Ryan had not been writing nearly enough essays for my
liking, something I harassed him about via email every couple of months. It was
easy enough to slip a casual query onto the end of a note.
“I can’t write more now,” I wrote. “Am running late, and
this week is stacking up in advance of heading to Australia in two weeks. I’ll
be spending some significant time there with another friend of yours, Mike
Wolfe. You worked together in Afghanistan, didn’t you? Did you get on?
Impressions?
I’m curious, and there’s potential (nothing
more at this stage, but potential is a good start) that it could be more than a
passing interest.”
“I met him years ago in Afghanistan and we’ve bantered back
and forth with bits of writing and aid-worker angst,” Ryan replied. “He seems
much more suited to development work, judging from the flavor of his recent
writing. Maybe because in development you work on a smaller scale but see real
change if you see it at all – unlike relief work, where you work on a large
scale and wonder constantly if you are making any difference at all other than
to your own life.
Anyway, all that to say, I think he’s a
good person to have potential with.”
* * *
Third-party encouragement from Australia and Liberia was all
well and good, but I spent much of the last two weeks before I got onto the
plane to Australia wondering whether Mike and I were even going to get the
chance to explore this potential. For as the
new year
ticked over, things started to go wrong on both sides of the Pacific.

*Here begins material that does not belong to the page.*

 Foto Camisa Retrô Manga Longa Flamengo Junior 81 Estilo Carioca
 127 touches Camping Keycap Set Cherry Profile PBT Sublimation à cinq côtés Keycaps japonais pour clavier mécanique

At my place in California, things went from bad to worse
very quickly after Christmas.
Now that we’d broached the topic of the reality show again,
Travis was like an uncorked bottle of warm champagne, fizzing over every time I
came near him. Nothing seemed to help. Letting him talk for hours about his
delusions got us nowhere; he just got progressively more worked up as he
explained it to me over and over again – improbable scenario stacked upon
improbable scenario that he had somehow fashioned into story and then forged
into desperate conviction.
He
was
starring in
this reality TV show, he kept insisting. We
were
all in on it. Why couldn’t
someone
just tell him the truth?
By early January I made exactly zero progress convincing
Travis that he wasn’t autistic, that our house was probably not bugged, and
that I definitely wasn’t his pathologically deceptive co-star in a reality
television program. I was also no closer to convincing him that he’d suffered
some sort of psychotic break and was in rather desperate need of psychiatric
care.
I’d talked to some of Travis’ family, but they were just as
overwhelmed as I was. He refused to see a psychiatrist and we couldn’t force
him. He couldn’t be involuntarily hospitalized unless we could prove him a
danger to himself or others, and the closest Travis had come to this was
holding a knife to his wrists in the kitchen one night.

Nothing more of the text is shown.